Dear Chairman Kennedy and Ranking Member Enzi:

On behalf of the National Association of Student Financial Aid Administrators (NASFAA), which represents nearly 3,200 postsecondary institutions serving over 14 million students each year, I am writing in support of H.R. 5715, Ensuring Continued Access to Student Loans Act of 2008. We urge all Senators to vote for this legislation when it is debated on the Senate floor this week.

NASFAA also supports other possible legislative solutions and we urge the Congress to enact those in order that all options are available to ensure the credit needs of borrowers are met and, therefore, the Administration has a wide array of tools available to use should other implemented options prove inadequate to meet the challenges that may emerge in the near term.

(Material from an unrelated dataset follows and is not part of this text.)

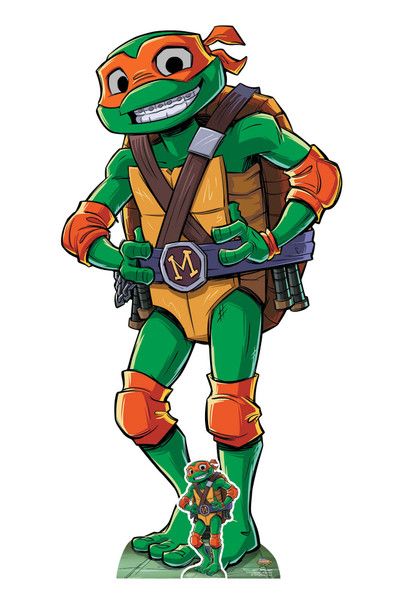 Michelangelo from Tales of the Teenage Mutant Ninja Turtles Cardboard Cutout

The lack of liquidity in the credit markets threatens to create a widespread Federal Family Education Loan Program (FFELP) loan access problem as more lenders suspend their FFEL programs each week.

This legislation is crucial because any disruption of the federal student loan program will have the greatest negative impact on low-income and disadvantaged students-the very students the financial aid programs are designed to help. The safety nets contained in the bill will ensure there is no disruption in federal student loan borrowers’ access to credit. The bill also contains helpful loan provisions benefiting borrowers.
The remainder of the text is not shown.